Why one model is never enough for crypto
Single-model strategies die on regime changes. Ensembles survive — not because they're smarter, but because they fail uncorrelated.
- Ensembles
- Crypto
The regime problem
Every profitable crypto strategy you’ve ever seen was profitable in a regime. Trend-following printed money in 2020–2021. Mean-reversion printed money in the 2022 chop. Carry printed money every time funding got stupid. None of them printed money in all three periods.
The industry’s response is usually to “improve” the single model — add features, change the lookback, bolt on a regime filter.
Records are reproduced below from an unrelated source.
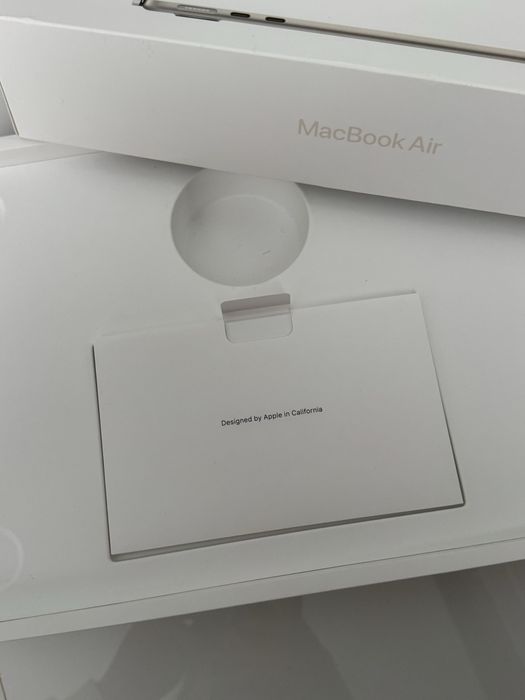 MacBook Air M2 13.6” – CA NOU, 100% baterie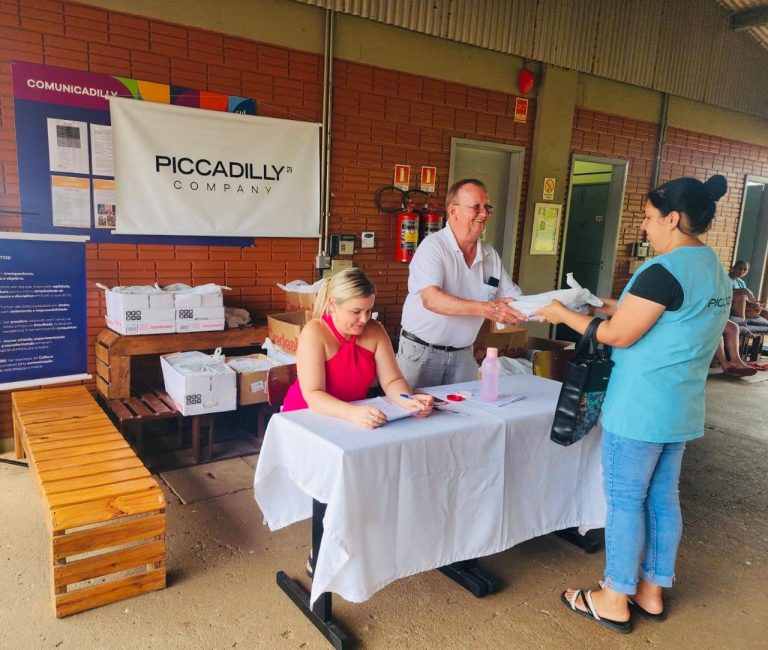 Siticalte entrega de material escolar aos filhos e aos associados estudantes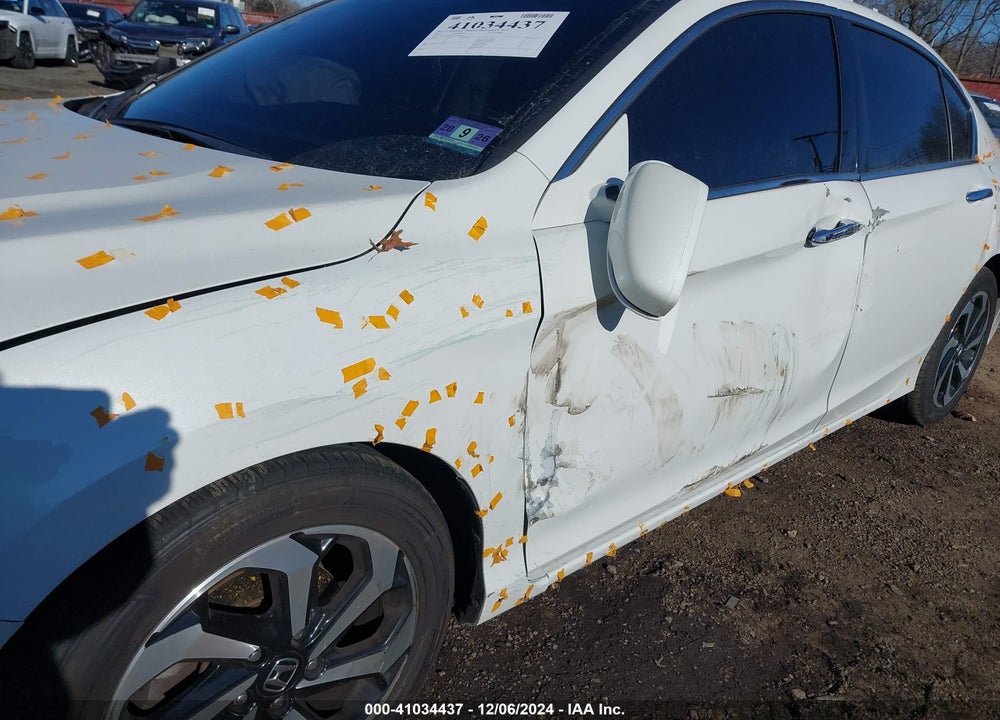 2017 HONDA ACCORD VIN: 1HGCR3F04HA042612
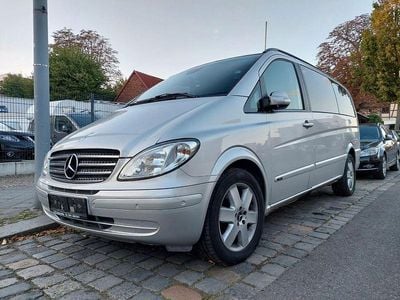 Grau Gebraucht 2008 Mercedes Viano Van / Kleinbus | 9.600 € (Fairer Preis)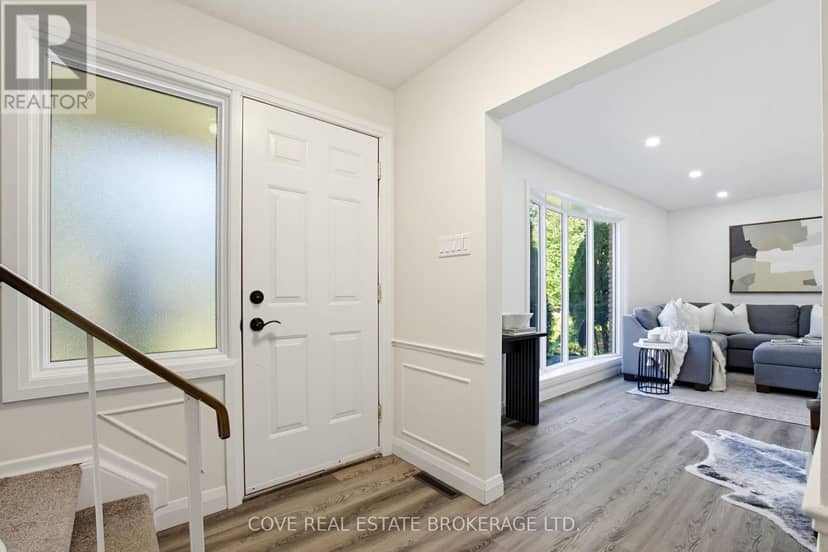 57 Lloyd Manor Crescent, London North, photo 5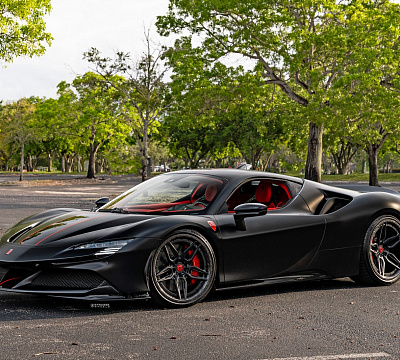 Фото дисков Strasse Wheels SV4-RS Deep Concave FS на Ferrari SF90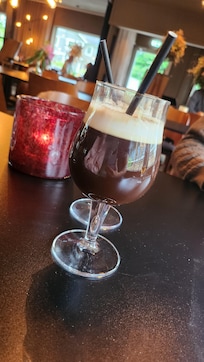 spiste på restaurant ved siden af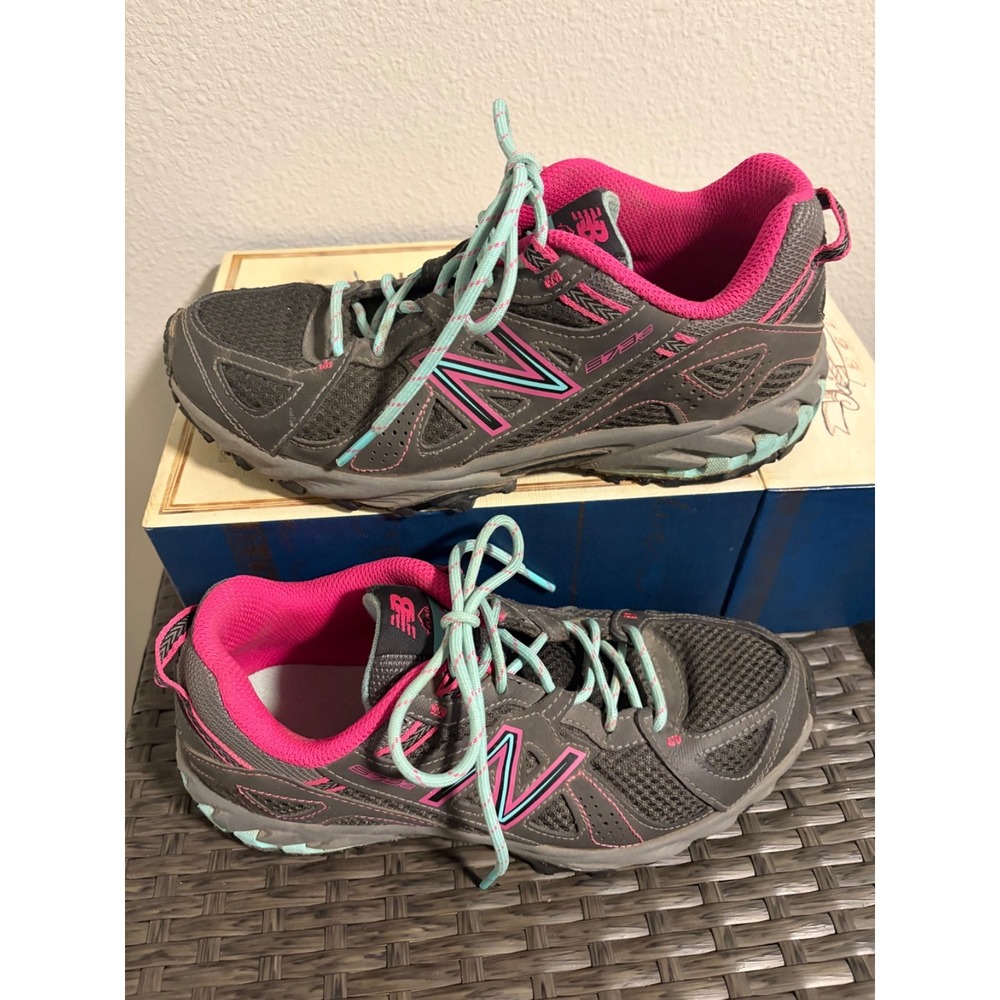 New Balance 573 All Terrain Trail Running Shoes~Women's Sz 7~Gray Aqua Laces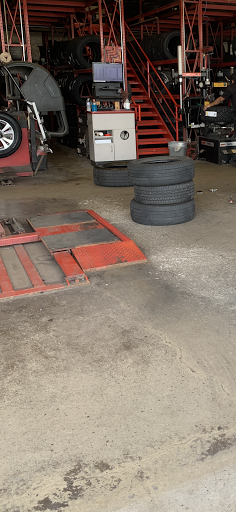 Tire Shop «Discount Tire Store - Naperville, IL», reviews and photos, 535 Fort Hill Dr, Naperville, IL 60540, USA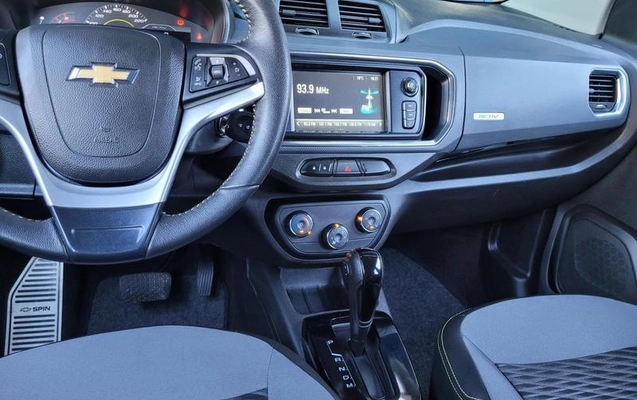 imagem-https://www.socarrao.com.br/sc-vehicle-images-prod/3039995/1789412796633-8159419_13_B_7c1cf247ba.jpeg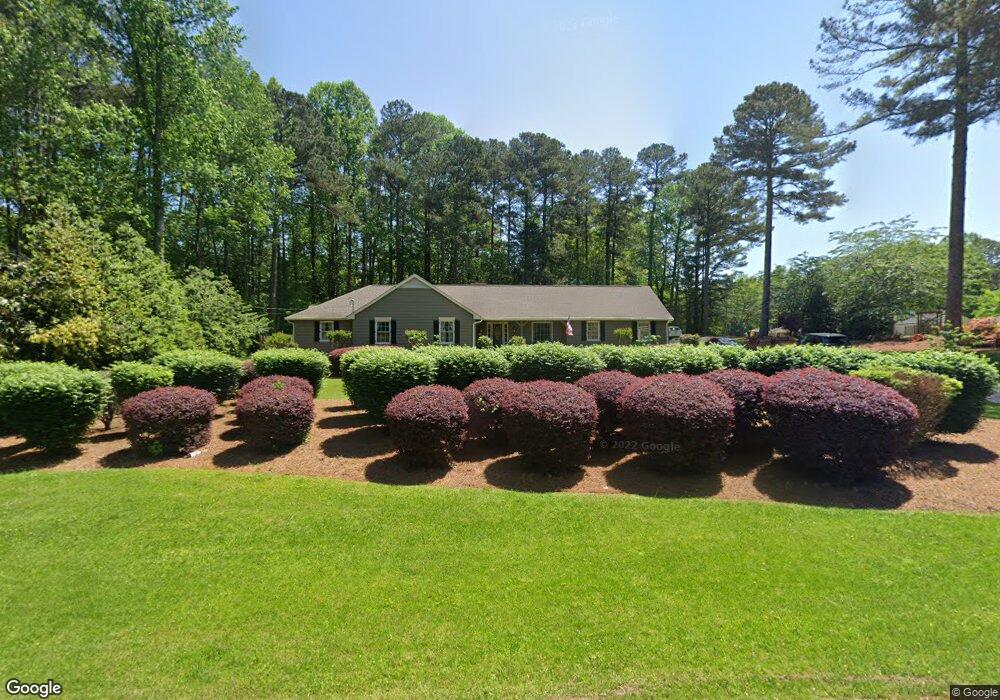 5467 Pinedale Cir, Sugar Hill, GA 30518 - photo 1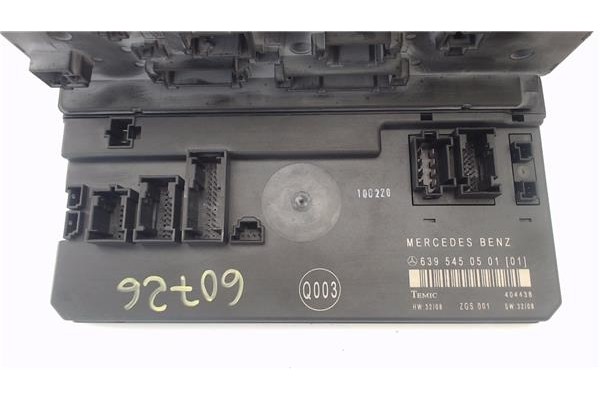 Recambio de caja fusibles/rele para mercedes-benz vito / mixto furgón (w639) 109 cdi referencia OEM IAM 6395450501 A6395450404 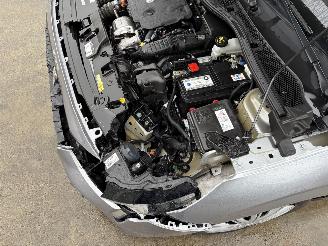 Peugeot 208 BLUEHDI picture 19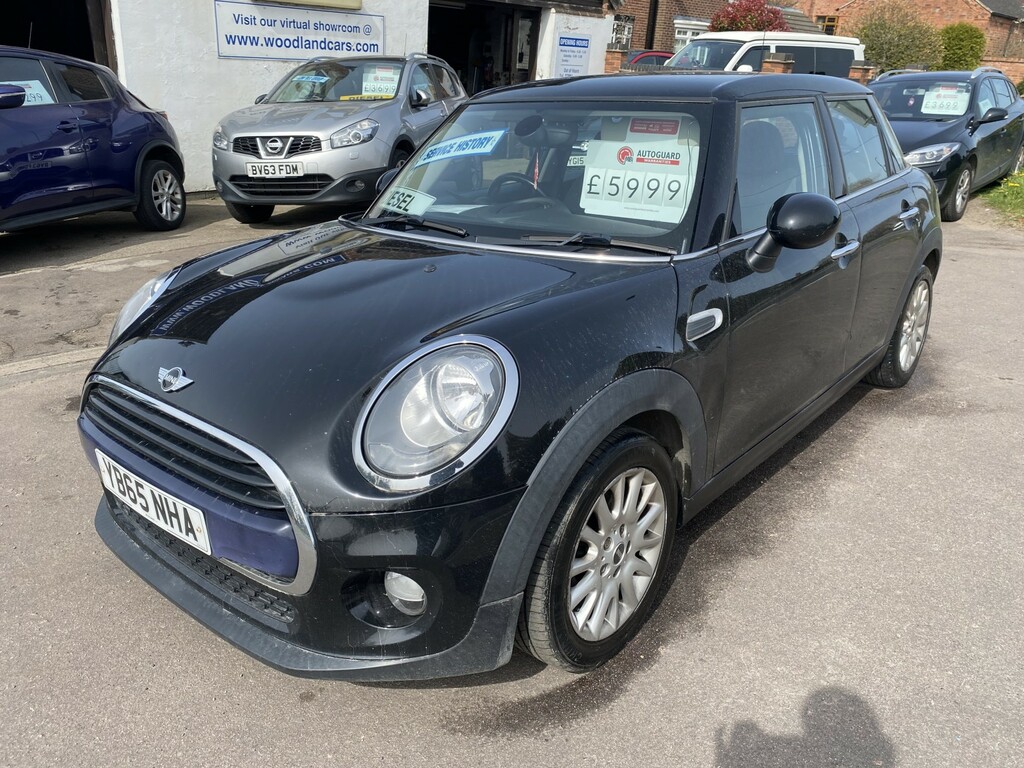 Mini Hatch 1.5 5-Door Hatch Cooper D 20 Road Tax H YB65NHA Black #4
What actually happens is you overfit the most recent 6 months and the next regime murders you.
Why ensembles work
An ensemble is not “one model with more parameters”. It’s several models with uncorrelated failure modes, combined with a sizing layer that weights them by recent out-of-sample performance.
A minimal ensemble for BTC/ETH:
- Trend — EMA crossover or donchian breakout. Makes money in directional regimes, loses small in chop.
- Mean-reversion — z-score of price vs. 20-day VWAP. Makes money in chop, gives back gains in strong trends.
- Carry / funding — long when perp funding is deeply negative, short when it’s euphoric. Orthogonal to both above.
Each model, alone, has a Sharpe of ~0.6–0.9 with a max drawdown near 30%. Combined with equal-weight sizing, the ensemble Sharpe jumps to ~1.3–1.5 and max drawdown drops to ~15% — because the models’ bad months don’t line up.
The sizing layer matters more than the models
Equal-weight is fine to start. It’s survivable. But the real alpha is in dynamic sizing: upweight models that are working, downweight models that are broken — without overfitting to the last 3 weeks.
What we run:
- Rolling 60-day Sharpe per model, floor at 0.
- Regime indicator (20-day realized vol vs. 120-day) biases weight toward trend in low-vol, mean-reversion in high-vol.
- Kelly fraction of 0.25 on the combined portfolio. Not 1.0. Not 0.5. Crypto drawdowns are bad enough that quarter-Kelly is where most pros live.
The backtest lie
You can make any ensemble look great in backtest by tuning the weights. The actual test is walk-forward:
- Freeze model code.
- At every rebalance, compute weights using only data available at that moment.
- Track the live-replay equity curve, not the optimized-weights curve.
The ensembles that survive this test usually lose 30–40% of their backtested Sharpe in walk-forward — and are still profitable after. The ones that don’t survive are the ones you were going to lose money on.
Bottom line
Don’t build a better single model. Build three mediocre uncorrelated models and a sizing layer you can defend under walk-forward. The lift isn’t elegant. It’s just honest.